Эх, дороги, родные дороги! Кто расскажет нам вашу повесть, ваши сказки, собранные и записанные временем на стволах ваших деревьев?
– Посмотри, ты посмотри, какая красота! – говорил Турсевич другу, показывая рукой с крыльца своей школы на ровный большак и на всю картину, которая открылась их взорам. – Какой размах, какой простор! Какой веселый тон картины и сколько в ней разнообразия! А эти березы возле моей хаты, посмотри, какие они славные!
– Я одного не понимаю, – сказал Лобанович, любовно оглядывая окрестности, – у нас столько красоты, такое богатство форм и красок, край наш большой и разнообразный, а мы не видим, не хотим этого видеть. О нашем крае сложилось мнение как об очень бедном, находящемся в упадке. И нигде ты в учебниках географии не найдешь более или менее серьезного описания Беларуси. Что такое наша Беларусь? А это, видишь ли, западная окраина России. Чем она славится? Ничем. Вот болота есть, да еще на весь мир известная хвороба – колтун. И мы с этим легкомысленно соглашаемся, мы все это принимаем на веру, потому что, как ты правильно сказал, над нами властвует шаблон, шаблон пустых слов, пустых фраз, властвуют чужие формы мыслей и чужое содержание их. Исходя из этого, мы отворачиваемся от всего родного, не уважаем его, мы стыдимся его!
На слове "стыдимся" Лобанович сделал ударение, при этом выражение его лица изменилось, в глазах у него загорелся злой огонек. В нем вспыхнуло чувство протеста против унижения и угнетения народа, и он, как сын этого народа, с которым чувствовал тесную связь, встал на его защиту.

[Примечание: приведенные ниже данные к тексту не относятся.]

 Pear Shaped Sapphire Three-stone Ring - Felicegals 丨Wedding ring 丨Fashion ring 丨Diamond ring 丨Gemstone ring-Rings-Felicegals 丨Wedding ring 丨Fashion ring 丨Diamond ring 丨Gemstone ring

– Каждый народ имеет свою гордость. Англичанин перед всем миром гордо заявляет: "Я – англичанин!" То же самое скажет француз, немец, австриец, русский и другие представители разных наций. А мы, беларусы, не отваживаемся признаться в том, что мы беларусы. Ведь на голову беларусского парода, как известно, вылито много помоев, достоинство его принижено, и язык его осмеян, у него нет имени, нет лица. А отсюда происходит то, что беларус-интеллигент отрекается не только от своего народа, но и от родителей своих. Мы знаем такой случай с одним нашим знакомым учителем, к которому приехала из дому мать. У него были гости. Он при гостях не посмел признать свою мать: "Иди, говорит, бабка, на кухню, там тебя покормят".
– Это свинство! – с возмущением отозвался Турсевич и презрительно плюнул. – Боялся мужиком показаться и показал свое полное хамство.
Друзья некоторое время шли большаком, а потом свернули на узкую проселочную дорогу, гладко укатанную крестьянскими санями, и пошли в сторону железной дороги.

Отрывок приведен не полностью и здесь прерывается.